▶ TRY IT
From the line that holds "Flight Risk by Velcro Mary" down to the last line of the listing below, transcribe exactly and only those lines. Leave pictures out.

▶ DATASET SECTION
^^^^
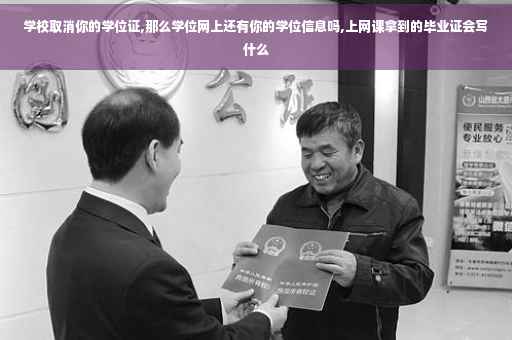 学校取消你的学位证,那么学位网上还有你的学位信息吗,上网课拿到的毕业证会写什么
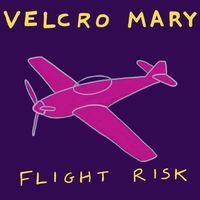 Flight Risk by Velcro Mary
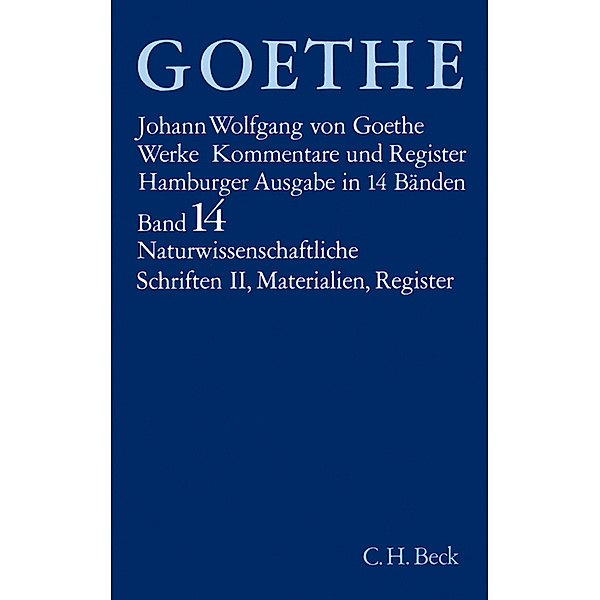 Goethes Werke  Bd. 14: Naturwissenschaftliche Schriften II. Materialien. Register.Tl.2, Johann Wolfgang von Goethe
^^^^
▶ RESULT
 Flight Risk by Velcro Mary
 Goethes Werke  Bd. 14: Naturwissenschaftliche Schriften II. Materialien. Register.Tl.2, Johann Wolfgang von Goethe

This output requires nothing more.